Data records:
'''
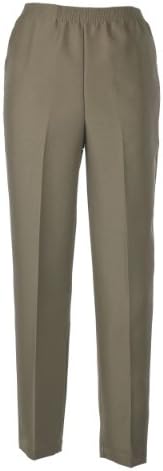 Poly Gaberdine Slacks - Pull On Style with Elastic Waist For Dressing Ease -Wide Range of Sizes (16 Petit, Taupe)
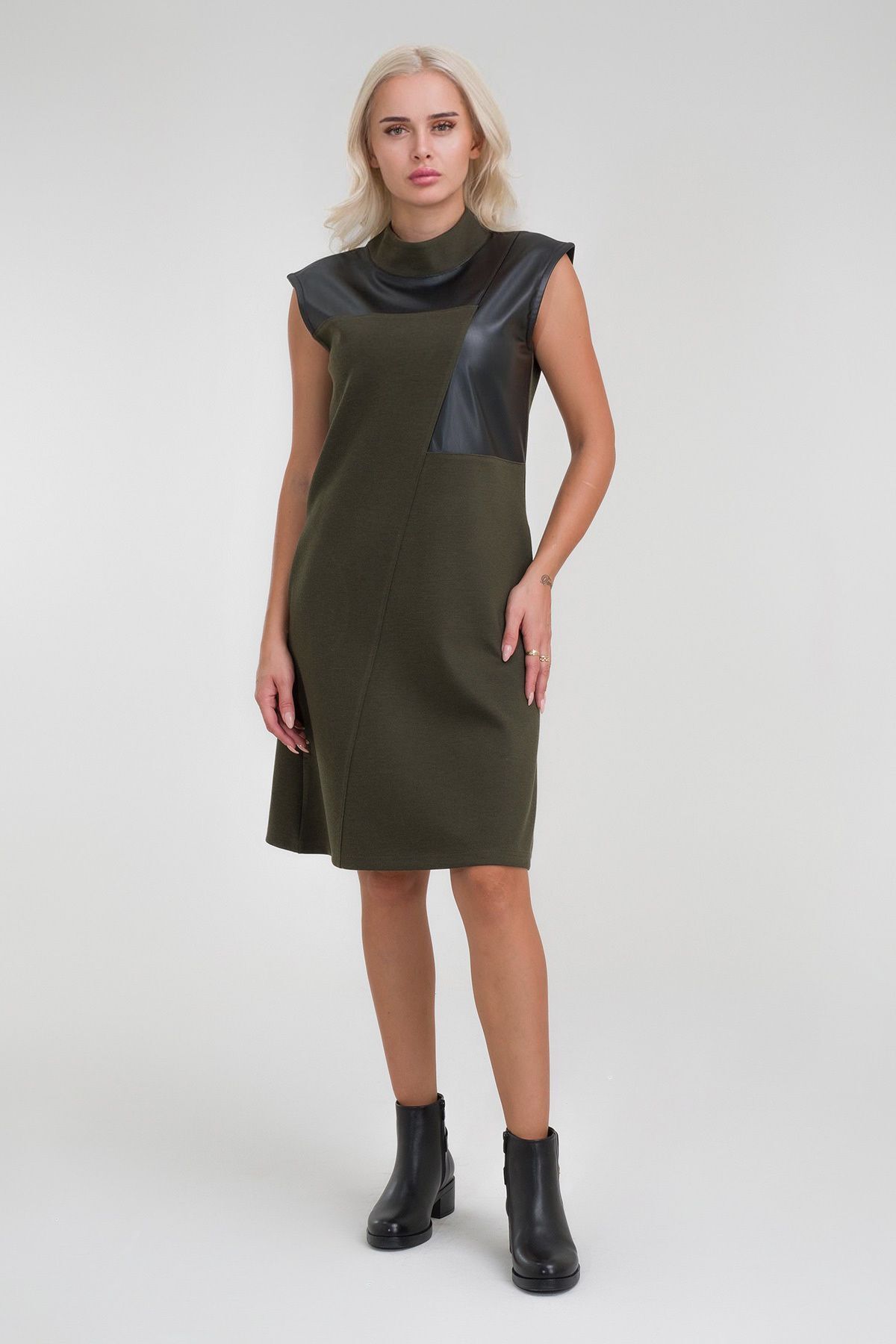 Kadın Siyah Renk Suni Deri Kombinli Pamuk Likralı Kolsuz Dik Yakalı Cepli Elbise Haki - 2XL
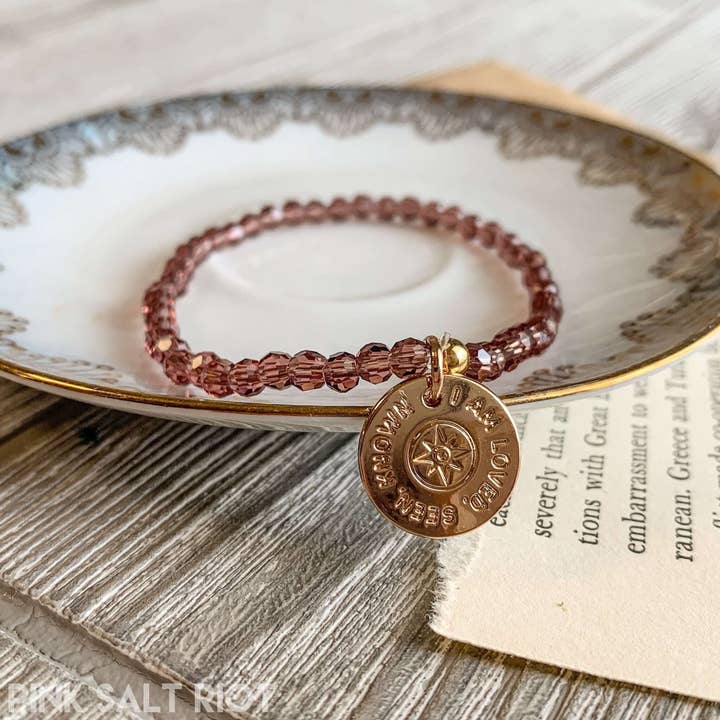 Bracelet bicône violet Loved Seen Known pour la vente par Pink Salt Riot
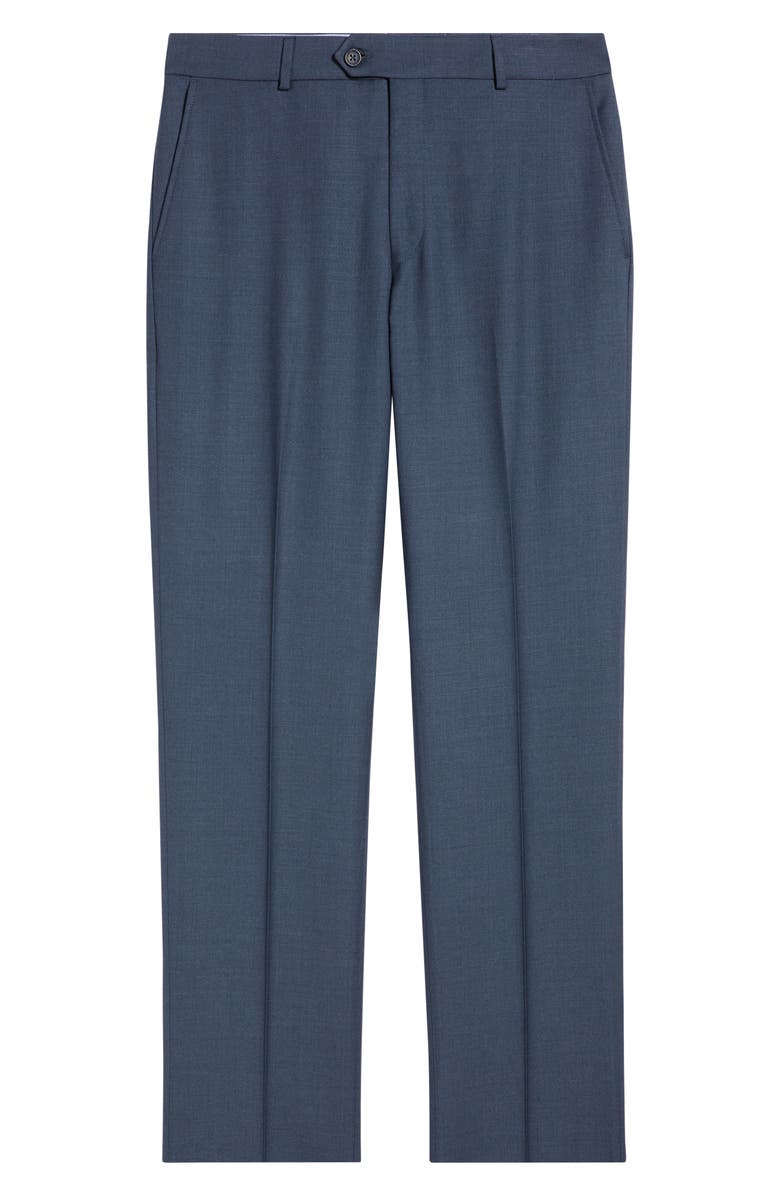 Berle Flat Front Navy Super 120s Wool Dress Pants, Alternate, color, Navy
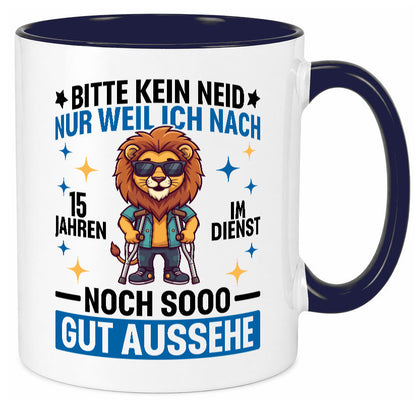 15 Jahre im Dienst | Arbeitsjubiläum Arbeit lustig Kollegen Büro Geschenk Tasse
'''
• TASK PROMPT
Without the pictures, give back every record precisely as shown.

• YOUR SOLUTION
 Poly Gaberdine Slacks - Pull On Style with Elastic Waist For Dressing Ease -Wide Range of Sizes (16 Petit, Taupe)
 Kadın Siyah Renk Suni Deri Kombinli Pamuk Likralı Kolsuz Dik Yakalı Cepli Elbise Haki - 2XL
 Bracelet bicône violet Loved Seen Known pour la vente par Pink Salt Riot
 Berle Flat Front Navy Super 120s Wool Dress Pants, Alternate, color, Navy
 15 Jahre im Dienst | Arbeitsjubiläum Arbeit lustig Kollegen Büro Geschenk Tasse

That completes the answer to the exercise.